With that being said, defensive play was an area that Nash performed very well in as he was one of the team's better forwards at preventing shot and scoring chances. Nash is a player that rarely gets caught out of position and he plays a safe game, so there usually aren't many defensive breakdowns when he is on the ice. However, his game may have been a little too safe because the Hurricanes also produced little to no offense when he was on the ice.
I think Nash has to the tools to be more effective offensively than he was this year because he is a very good skater and was lauded for his skill when he was drafted, but we didn't get to see much of that this year. Not that your third-line center needs to be an offensive dynamo, but the Canes need more depth scoring and Nash has to be one of the guys providing it if he wants to hold onto the third line center spot. Most young players struggle with the defensive side of their game, but it appears to be the opposite for Nash. A full training camp session with the current coaching staff could help him, I suppose.

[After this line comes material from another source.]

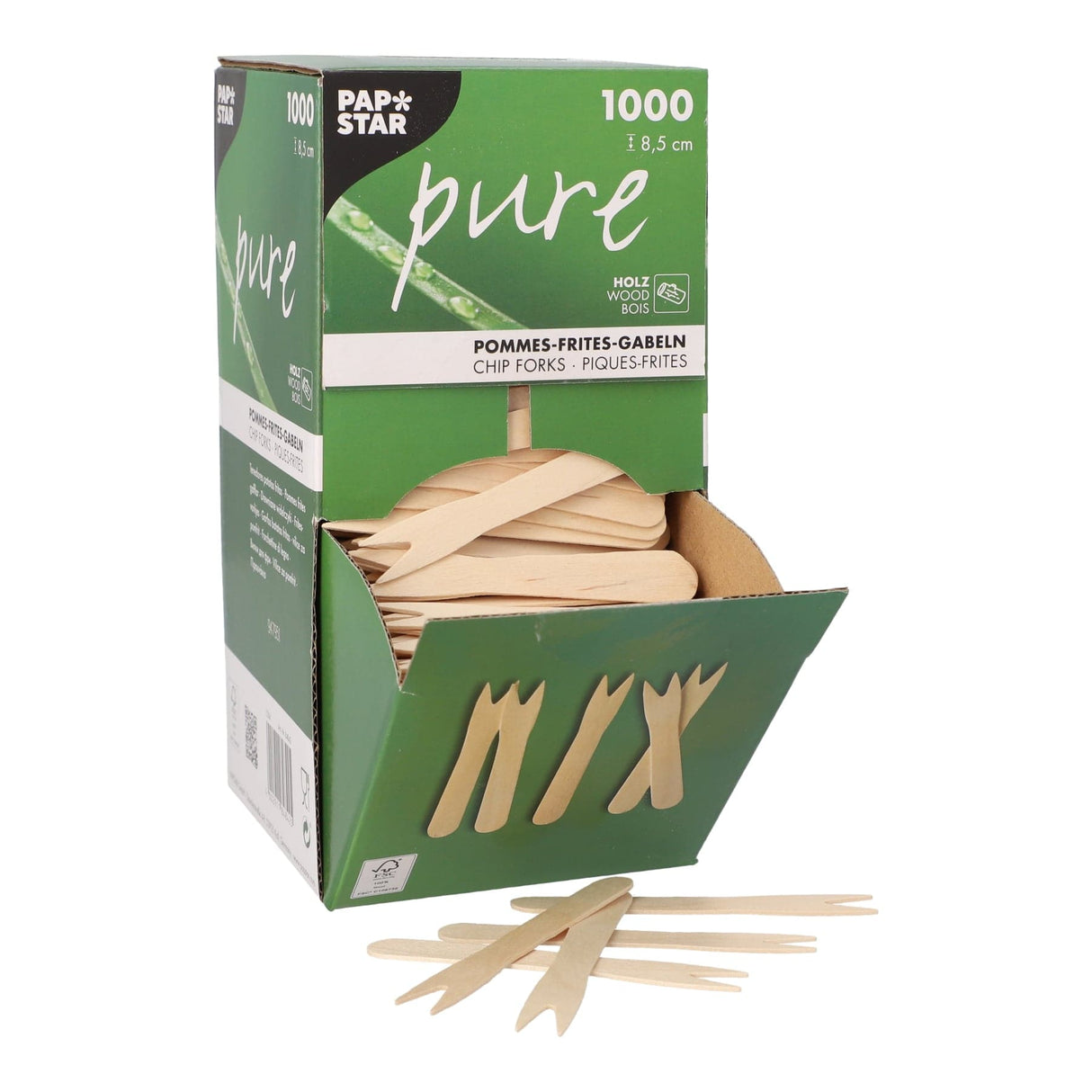 Papstar Pure Pommes-Gabeln, Holz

When I say that Nash's game was "too safe," most of it is in regards to his neutral zone performance because he was more prone to dump the puck in than almost any other forward. Despite having the speed and the skill to take advantage of gaps in the defense, Nash was content to simply get the puck deep six out of every ten times he entered the offensive zone at even strength. This could be why his offensive numbers were so poor this year because dump and chase play typically doesn't translate to many shots on goal or sustained zone time. Most bottom-six players are prone to dump the puck in at even strength, but Nash has a good offensive skillset and I think he has the potential to do more. There were a lot of times where he seemed to dump the puck in out of instinct even when there was an opportunity for him to make a more aggressive play in the neutral zone. It's one of the many things that he can improve on this off-season.
Season Grade: C+
Nash's performance in the NHL was average in basically every category, so I think a high-C is a fair grade. I was close to giving him a low-B since he wasn't expected to be in the NHL this year, but his performance wasn't really exceptional and there were only two or three games where he stood out. On the other hand, I can't think of any games where he was noticeably bad and he gave the team 100% on every shift. So in the end, the only real critical thing I have to say about Nash is that he could have done more.
The Final Word
There were times when I was really impressed with Nash this year but overall, I felt that he was being restricted a little bit and it kept him from showing his full potential. His solid fundamenal game and defensive play will likely keep him in the NHL, but the Hurricanes are going to need him to be better offensively if he wants to stay as the team's third line center. His contributions this year would make him a great fourth liner and I think he can be a lot more than that. Nash has the skillset to be a very effective two-way player in the NHL but his tendency to settle for conservative plays in the neutral zone may have held him back offensively. Overall, I'm excited to see what he can do next season because he is still young and has a lot of potential that has yet to be unleashed. Whether or not a full training camp will help him reach that level remains to be seen, but I'm going to be expecting more out of Nash next season regardless since there will likely be a few guys competing for his spot in training camp. As the incumbent, he has the inside edge for a roster spot and it's up to him to retain it.